Коварный камень изумруд - страница 6



– Сабле твоей мы оба жизнью обязаны, – отмахнулся Пётр Андреевич. – Не будь её, руками бы не выгрестись. Снег, он такой плотный при буране, что глина. Пошли, что ли, людей обихаживать…

* * *

Людей вытащили, старосту и обоих конвойных казаков положили рядком возле старостиной подводы. Пока поручик Егоров обшаривал мёртвых на предмет ихних бумаг или разных вещей, удостоверяющих личности, Пётр Андреевич шурудил в «бироновском возке». Протёр внутренности, благо снег под рукой. Потом пробрался к старостиной подводе, саблей отрезал от медвежьей полости одну шкуру. Полость благо великое, стачана из четырех шкур. Вот Пётр Андреевич одну шкуру пристроил на пол в своём возке – для тепла. Потом в седельных сумках у лошадей нашёл дерюжьи торбы, куда насыпал достаточно дроблёного ячменя из двух мешков, что вёз с собой покойный староста. Привязал торбы под морды лошадей. Те тотчас захрустели, жадно хватая ячмень.

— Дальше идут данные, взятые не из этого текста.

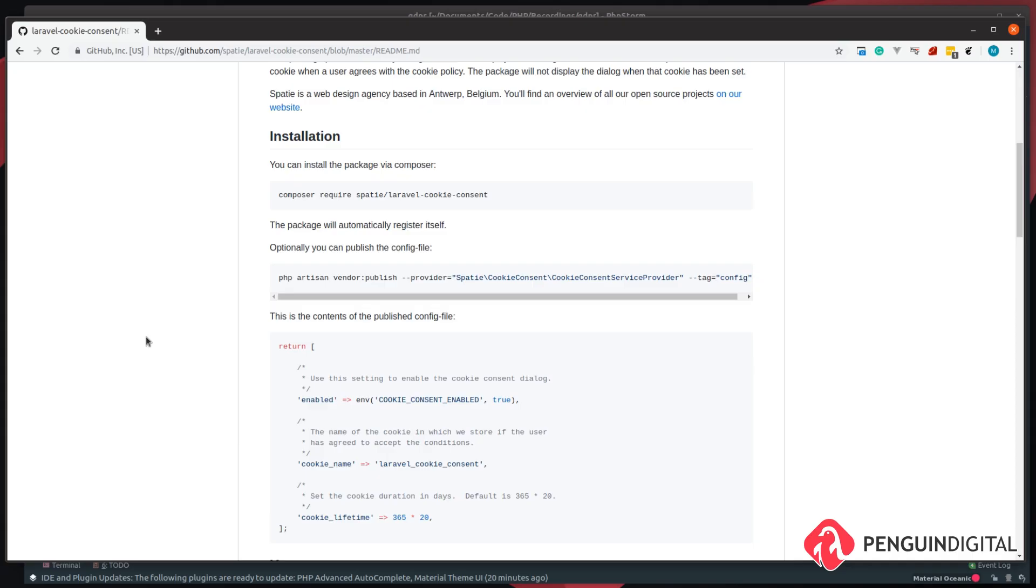In this video we're going to look at how we can easily add cookie consent to our Laravel project. Thankfully, the guys over at Spartsy have made a package for us. So I've created a new Laravel project and let's include this package in.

Поручик Егоров, тем временем, обоих угоревших казаков и старосту закидал комьями лежалого снега, воткнул в изголовья две перевязанные крестом маленькие ели. Хорошо и заметно.

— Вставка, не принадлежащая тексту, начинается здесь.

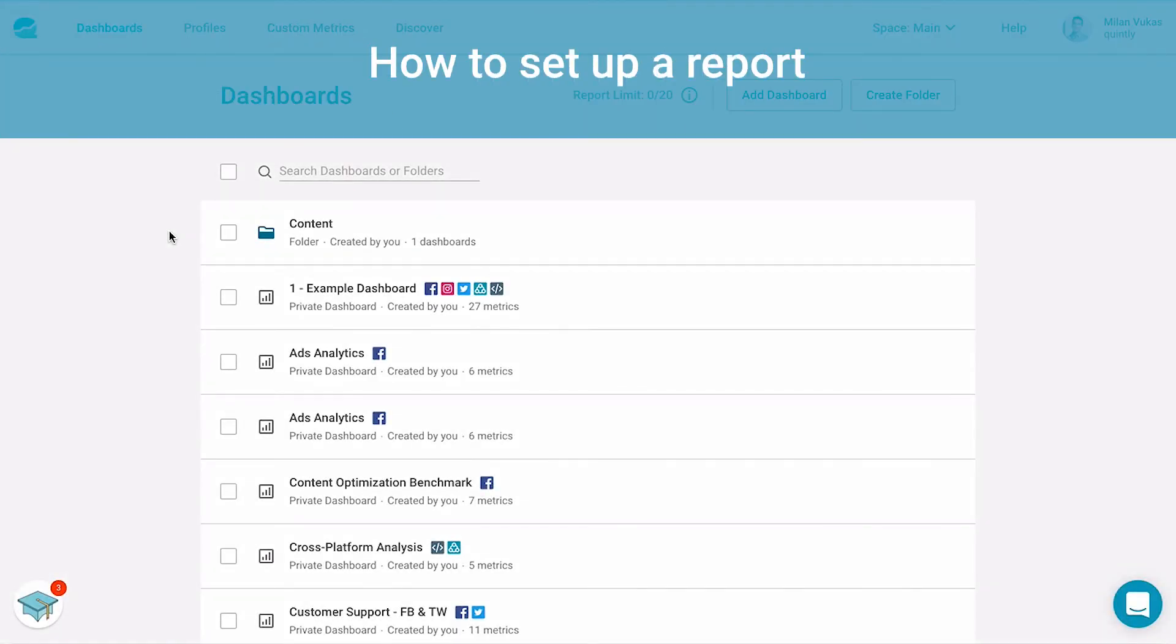Hi, and welcome to this video. In this short video, we're going to show you how to set up a report.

– Хорошо и заметно, – одобрил Пётр Андреевич, – только, не приведи Господь, лисы или волки учуют…

– Так замёрзли ведь они. От мёрзлых – какой запах?

– От мёрзлых – никакого, а вот тулупы на них и прочая одёжа, она пахнет. Дай-кось пару сосудов водки…

Пётр Андреевич той же саблей снёс на сосудах горлышки и облил водкой сугроб над телами.

– Теперь хищники зачихают и рыться здесь до весны не станут. Только, даст Бог, их раньше зверей люди поднимут. Вот приедем завтра в село Благовещенье, – тут Пётр Андреевич перекрестился, – там и сообщим о покойных.

– Я сообщу, – торопливо сказал поручик.

– Конечно, конечно, – заторопился отвечать преступник. – Ты, ваше благородие, и сообщишь. Я-то опять замкну свои уста молчанием. Как положено преступнику.

Лошади опустошили торбы, стали оглядываться, звенеть сбруей.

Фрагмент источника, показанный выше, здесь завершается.